Feb 09, 2026
Hay trayectorias que no se explican solo con resultados deportivos, sino con acentos y decisiones valientes. La de Yvonne Losos de Muñiz es una de ellas. Nacida en Nigeria en 1967 y criada en Kenia, su primer contacto con los caballos no tuvo lugar en un típico picadero europeo, sino entre cebras, antílopes y el polvo rojo de África. Aquel escenario salvaje marcaría para siempre su manera de entender la equitación.
De niña, montar era parte de su vida cotidiana. Al salir del colegio, el caballo la esperaba como un pasaporte hacia un territorio donde la naturaleza imponía sus reglas. Aprendió a mantener el equilibrio entre terrenos irregulares, a leer los movimientos de los animales que la rodeaban y, sobre todo, a respetar al caballo como compañero que es. Lo que entonces parecía un día a día normal, hoy se ha convertido en la raíz de su identidad como amazona.
Sus inicios fueron en el Salto, disciplina en la que se formó durante años. Sin embargo, el destino la llevó a descubrir la Doma Clásica casi por casualidad. Conoció a Don Manuel Vidrie, que le abrió las puertas de otra forma de montar: más sutil, más técnica, basada en ayudas mínimas y en la comunicación fina con el caballo.
Aquel encuentro cambió el rumbo de su carrera. Yvonne encontró en la Doma un lenguaje del que se enamoró. Desde entonces ya no hubo vuelta atrás.
Aunque su vida ha transcurrido entre continentes, siempre ha competido representando a la República Dominicana. Habla del país como de una gran familia, de un lugar que la ha acompañado a cada pista en la que ha competido.
Ese camino la llevó a hacer historia en Río de Janeiro 2016, donde se convirtió en la primera amazona dominicana en participar en Doma Clásica en unos Juegos Olímpicos. Recuerda aquel debut como una mezcla de vértigo y orgullo: el respeto ante los mejores del mundo y, al mismo tiempo, la certeza de estar viviendo un momento irrepetible. Después llegarían más citas internacionales, Panamericanos y grandes campeonatos que fueron moldeando su carácter competitivo.
Hoy su base está en España, en el verde de Asturias. Allí ha encontrado un equilibrio personal y profesional con el que está encantada. Desde ese rincón del norte continúa entrenando y desarrollando su faceta como formadora.

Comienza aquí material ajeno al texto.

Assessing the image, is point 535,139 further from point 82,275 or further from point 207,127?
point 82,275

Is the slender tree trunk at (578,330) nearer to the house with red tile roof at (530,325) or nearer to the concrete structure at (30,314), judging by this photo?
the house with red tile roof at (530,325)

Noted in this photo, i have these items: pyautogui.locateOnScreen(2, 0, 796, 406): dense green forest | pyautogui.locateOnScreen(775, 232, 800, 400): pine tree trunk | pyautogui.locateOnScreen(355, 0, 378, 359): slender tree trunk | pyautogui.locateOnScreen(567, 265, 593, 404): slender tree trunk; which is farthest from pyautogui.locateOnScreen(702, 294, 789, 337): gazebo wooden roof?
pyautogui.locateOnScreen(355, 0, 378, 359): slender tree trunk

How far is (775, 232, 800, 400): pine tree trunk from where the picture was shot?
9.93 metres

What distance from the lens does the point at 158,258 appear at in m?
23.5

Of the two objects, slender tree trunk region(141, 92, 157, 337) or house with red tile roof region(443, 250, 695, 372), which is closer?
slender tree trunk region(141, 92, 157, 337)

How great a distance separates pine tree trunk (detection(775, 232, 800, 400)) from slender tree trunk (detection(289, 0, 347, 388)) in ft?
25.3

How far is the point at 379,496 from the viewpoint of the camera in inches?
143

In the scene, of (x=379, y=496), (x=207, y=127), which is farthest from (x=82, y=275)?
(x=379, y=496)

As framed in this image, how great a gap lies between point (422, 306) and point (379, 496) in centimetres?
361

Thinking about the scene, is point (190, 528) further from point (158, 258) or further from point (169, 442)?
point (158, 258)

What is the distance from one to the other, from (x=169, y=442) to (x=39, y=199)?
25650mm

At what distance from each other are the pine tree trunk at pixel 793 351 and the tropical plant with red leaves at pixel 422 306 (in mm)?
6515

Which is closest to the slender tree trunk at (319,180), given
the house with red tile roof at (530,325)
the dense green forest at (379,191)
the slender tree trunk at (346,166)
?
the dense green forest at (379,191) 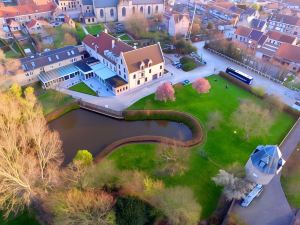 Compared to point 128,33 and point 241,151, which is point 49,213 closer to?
point 241,151

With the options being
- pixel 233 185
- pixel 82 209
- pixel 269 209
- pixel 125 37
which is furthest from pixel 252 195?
pixel 125 37

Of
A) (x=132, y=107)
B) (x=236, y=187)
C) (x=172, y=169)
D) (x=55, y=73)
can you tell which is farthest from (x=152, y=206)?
(x=55, y=73)

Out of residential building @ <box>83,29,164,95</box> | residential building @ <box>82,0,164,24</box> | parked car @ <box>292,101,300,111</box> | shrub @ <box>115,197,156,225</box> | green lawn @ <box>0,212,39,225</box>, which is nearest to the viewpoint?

Porque Yvonne no se ve solo como deportista, sino también como entrenadora. Disfruta acompañando a otros jinetes, evitando que tropiecen donde ella tropezó y recordando siempre que la equitación es un aprendizaje sin fecha de caducidad.
La historia de Yvonne Losos es la de una mujer que ha unido continentes a lomos de un caballo. De las llanuras africanas a los cuadrilongos olímpicos, de la intuición infantil a la técnica más depurada.
Cuando mira atrás no habla únicamente de medallas, sino de maestros, de caballos concretos, de países que la hicieron crecer.